** Exercise prompt **
With the pictures set aside, return the lines below exactly, beginning at the first and ending at the line containing "In looking at".

★ ★ ★

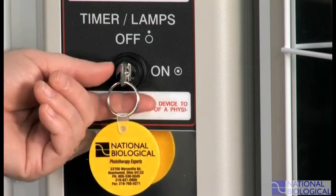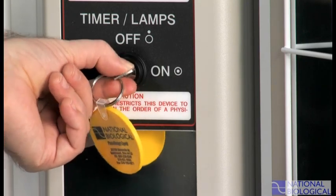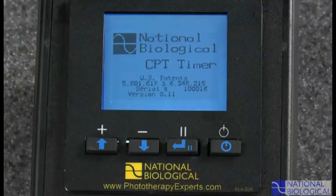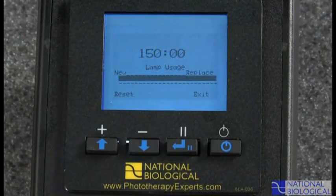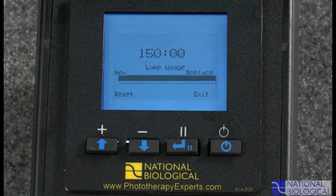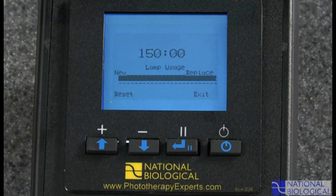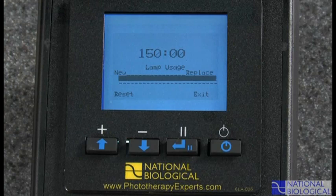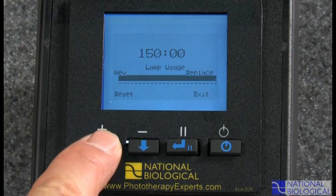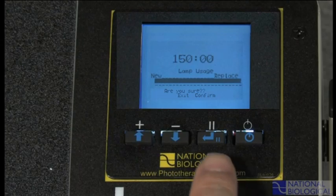To check your lamp usage, turn the key switch on. As soon as the intro screen appears, press and hold both the up and down buttons at the same time. The lamp usage screen indicates lamp hours that have been used, and the progress bar shows when it is time to replace them. You can reset the lamp usage gauge after lamps have been replaced — go to the lamp usage screen and press up, then press pause.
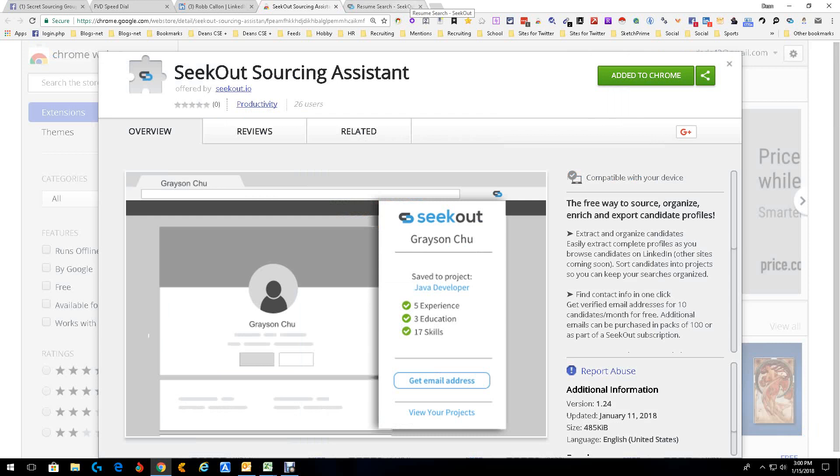Seekout itself is good. I've already written about that. This is the Seekout Sourcing Assistant. Also a great tool, a great addition. Phenomenal. This is Dean DaCosta, Seekout Sourcing Assistant.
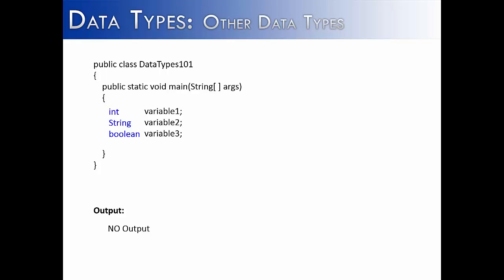In looking at data types, there's one other data type that I'd like to look at, and that is the string data type.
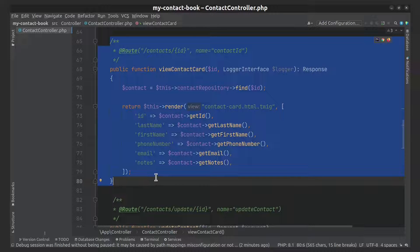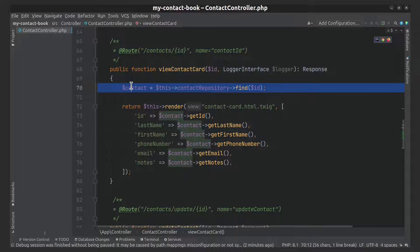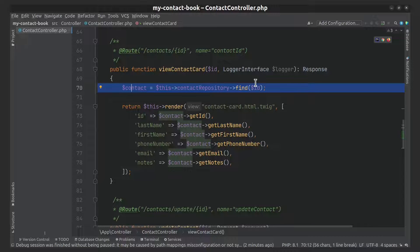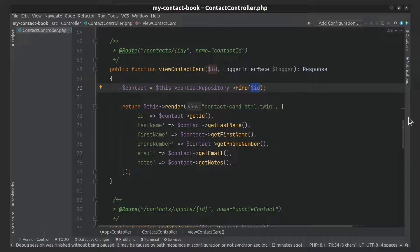Here I display a contact card. I find the contact in the database using an ID and then display it in the HTML page. I will show you how it looks like.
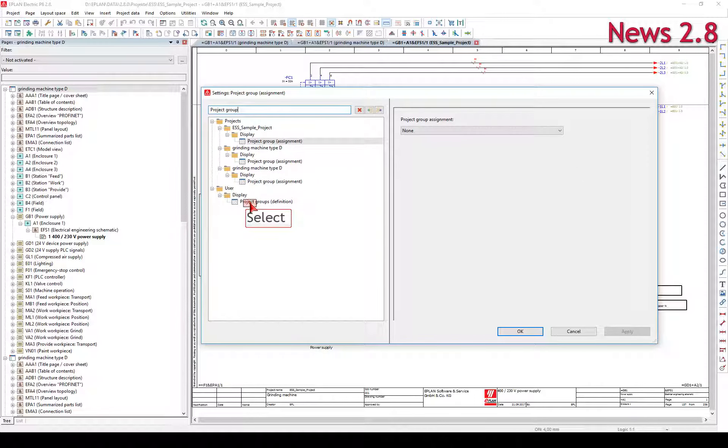You can use additional navigators, for example, to have several different views displayed simultaneously for specific project data of a project.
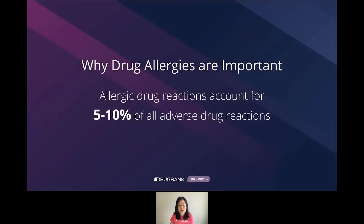Statistically, allergic drug reactions account for 5 to 10% of all adverse drug reactions. Everyone can react to medications differently, with symptoms ranging from mild to potentially life-threatening. That's why it's so important for all drug allergies to be well documented, as well as accounted for while prescribing to minimize adverse drug reactions.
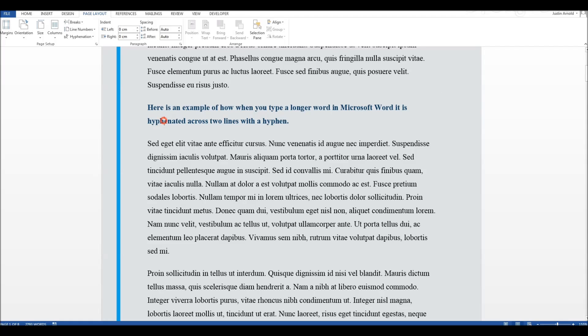And my word hyphenated is no longer hyphenated. What you'll also notice, though, is that the right-hand side of my text is now a lot more ragged. There's a lot more unused space on the right-hand side.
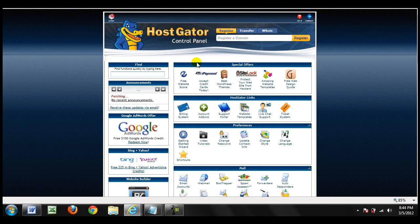Now we are ready to install WordPress, and what we're going to be doing is using a script called Fantastico in the back office of your HostGator account. Before Fantastico came around, installing WordPress was a really complicated process — you'd have to go to the WordPress website, download the software to your computer, upload it via FTP to your web host, create a database, and link it to WordPress. Now with Fantastico, it literally takes less than a minute.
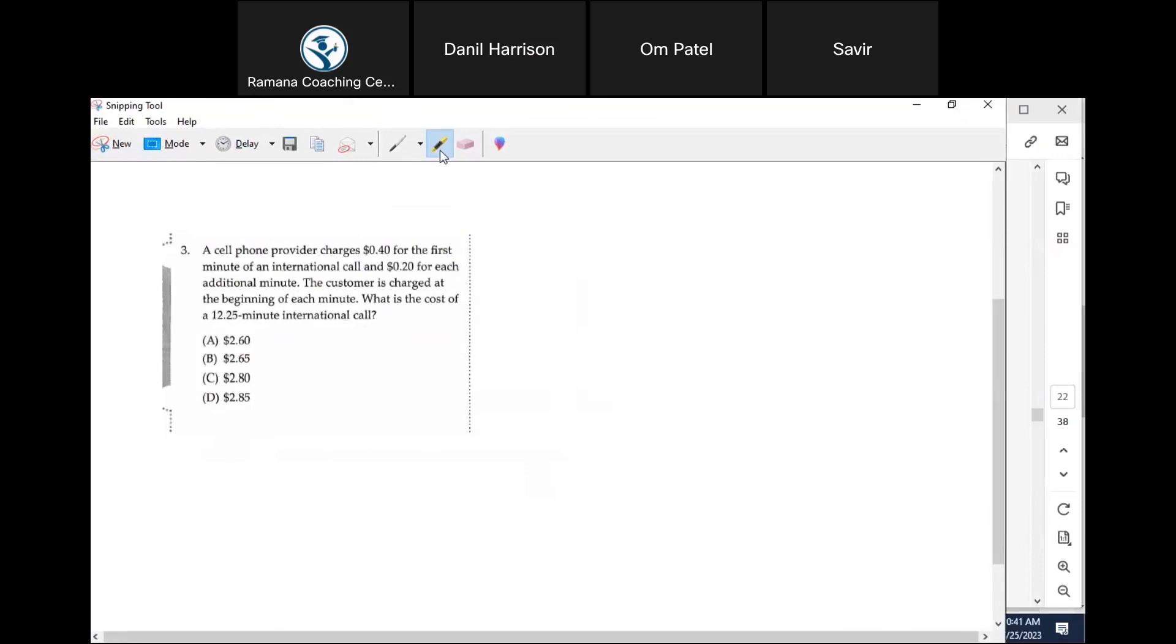As long as you paid attention to this part, the customer is charged at the beginning of each minute. Whether you use 20 seconds or 25 seconds in the next minute doesn't matter. You get charged for the next one minute. Is that making sense?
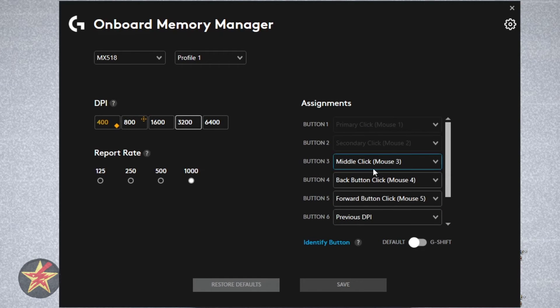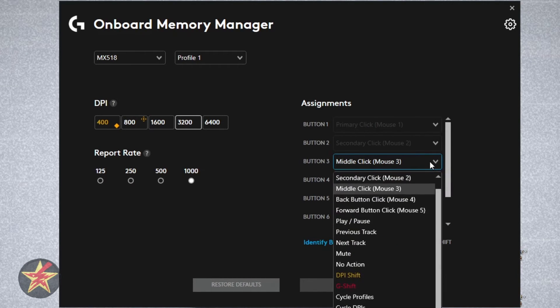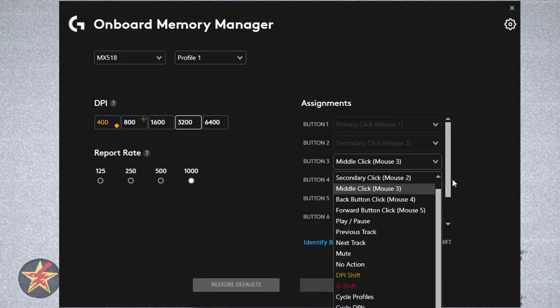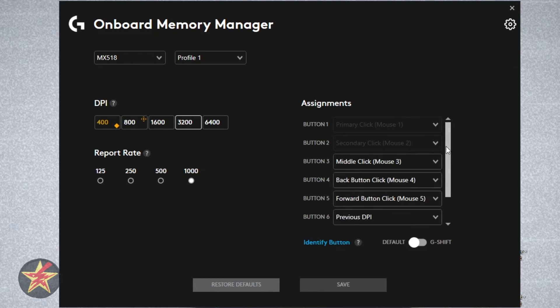If we wanted to change middle button 3, we simply come over and select what we would like it to do. And that works with any of them.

★ ★ ★

** Written answer **
To check your lamp usage, turn the key switch on. As soon as the intro screen appears, press and hold both the up and down buttons at the same time. The lamp usage screen indicates lamp hours that have been used, and the progress bar shows when it is time to replace them. You can reset the lamp usage gauge after lamps have been replaced — go to the lamp usage screen and press up, then press pause.
Seekout itself is good. I've already written about that. This is the Seekout Sourcing Assistant. Also a great tool, a great addition. Phenomenal. This is Dean DaCosta, Seekout Sourcing Assistant.
In looking at data types, there's one other data type that I'd like to look at, and that is the string data type.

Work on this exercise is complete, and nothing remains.